GIVEN DATA:
::::::
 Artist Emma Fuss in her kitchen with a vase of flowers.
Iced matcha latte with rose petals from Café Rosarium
::::::
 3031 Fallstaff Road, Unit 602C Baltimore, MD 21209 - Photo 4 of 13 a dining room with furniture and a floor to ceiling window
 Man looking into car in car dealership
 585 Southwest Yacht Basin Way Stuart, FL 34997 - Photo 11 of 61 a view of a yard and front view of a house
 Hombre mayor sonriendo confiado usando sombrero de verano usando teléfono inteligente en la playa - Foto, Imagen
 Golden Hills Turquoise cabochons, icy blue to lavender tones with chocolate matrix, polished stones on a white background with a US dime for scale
::::::
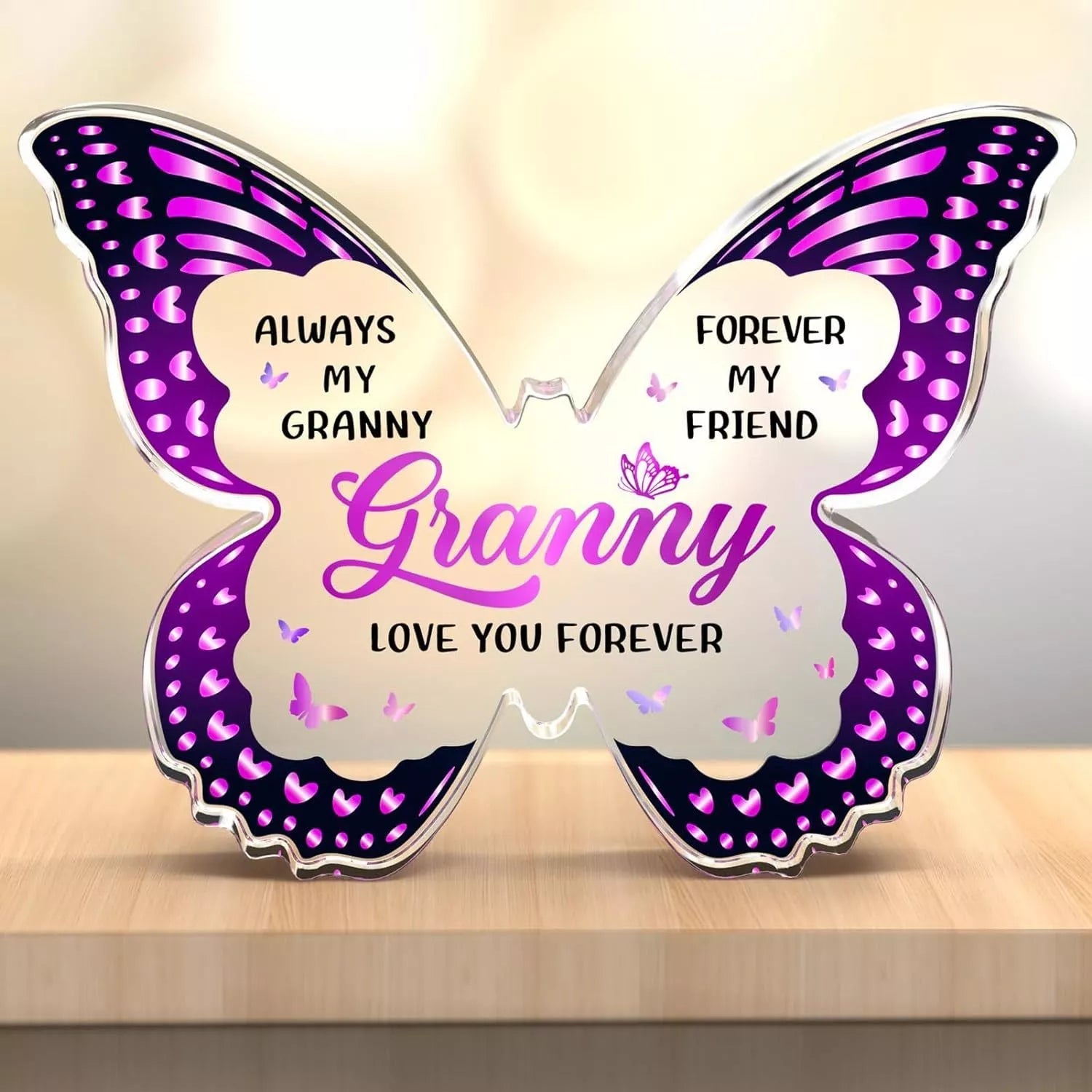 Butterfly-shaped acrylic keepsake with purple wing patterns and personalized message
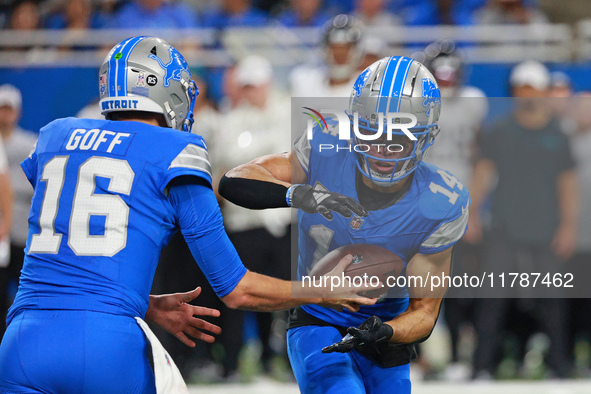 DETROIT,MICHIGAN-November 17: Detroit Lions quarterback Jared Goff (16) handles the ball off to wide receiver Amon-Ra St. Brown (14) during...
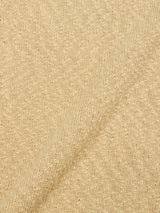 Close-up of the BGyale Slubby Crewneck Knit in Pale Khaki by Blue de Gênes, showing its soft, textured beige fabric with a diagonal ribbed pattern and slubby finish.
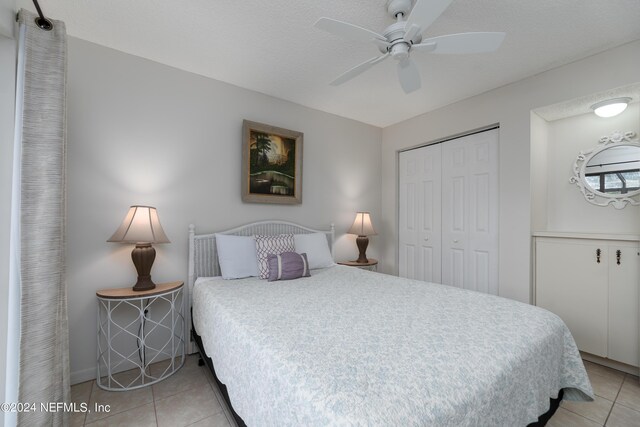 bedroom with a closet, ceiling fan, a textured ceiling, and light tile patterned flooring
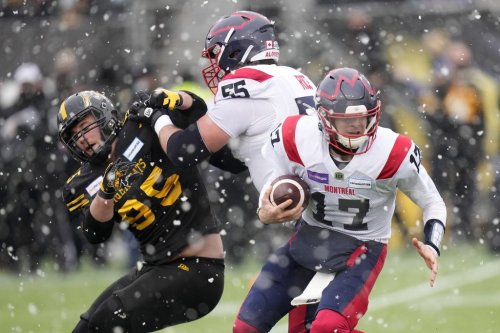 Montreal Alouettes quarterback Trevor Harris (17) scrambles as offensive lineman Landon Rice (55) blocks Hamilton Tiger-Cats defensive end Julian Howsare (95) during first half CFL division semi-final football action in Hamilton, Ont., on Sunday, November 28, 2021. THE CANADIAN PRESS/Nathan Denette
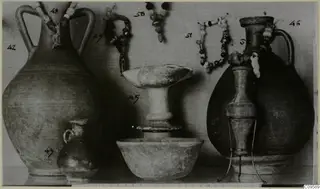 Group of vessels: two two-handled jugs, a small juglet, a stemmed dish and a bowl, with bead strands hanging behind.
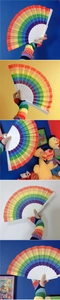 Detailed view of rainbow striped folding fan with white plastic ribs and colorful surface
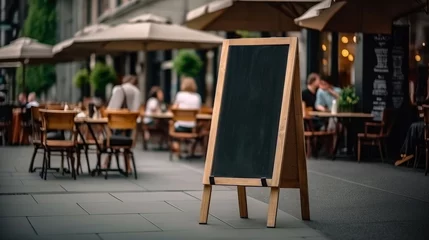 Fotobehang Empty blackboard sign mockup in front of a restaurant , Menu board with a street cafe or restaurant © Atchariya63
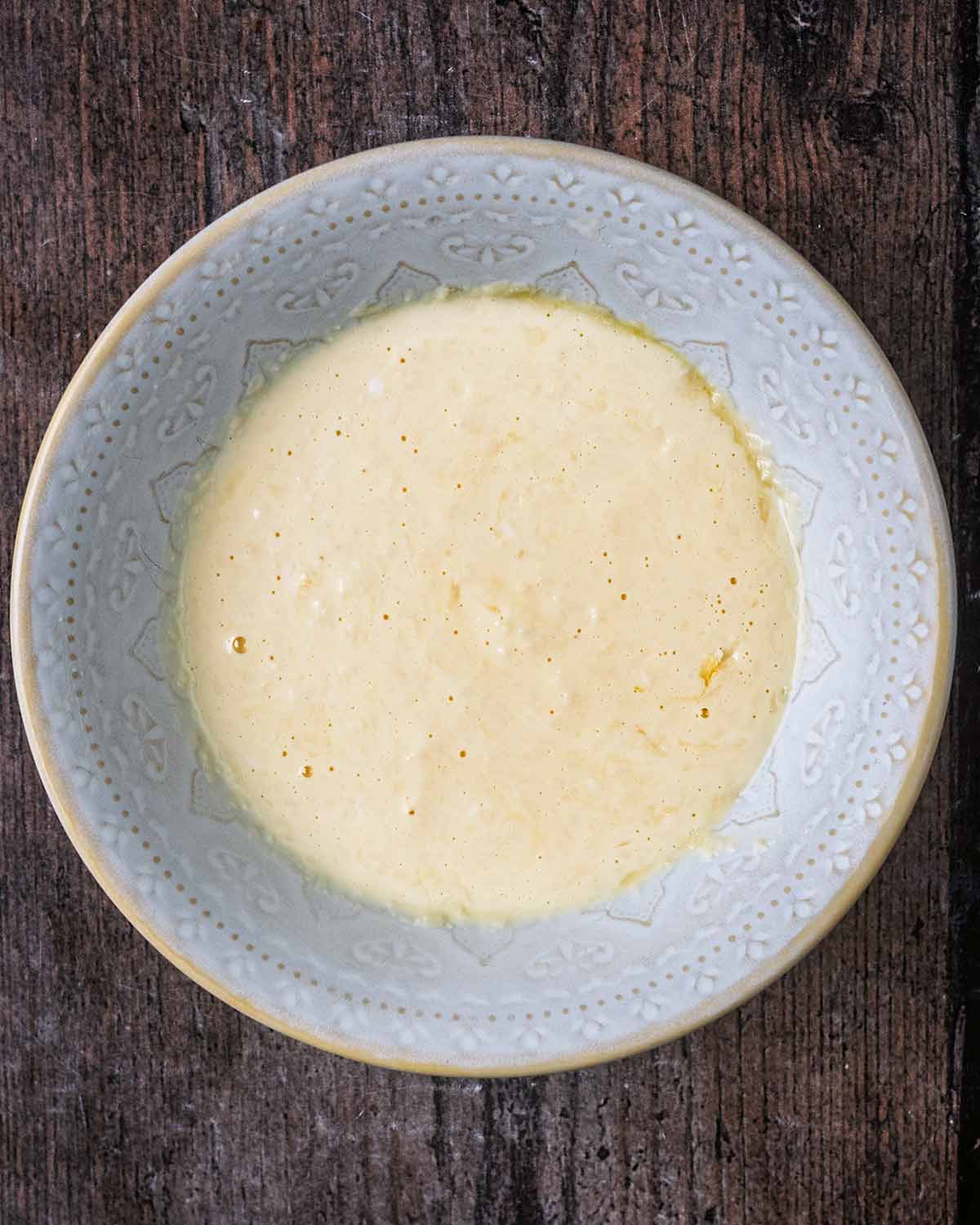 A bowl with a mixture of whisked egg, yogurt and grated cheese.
::::::
YOUR GOAL:
Search the material for lines holding the word "Photo", then say how many there are and nothing more.

YOUR RESPONSE:
2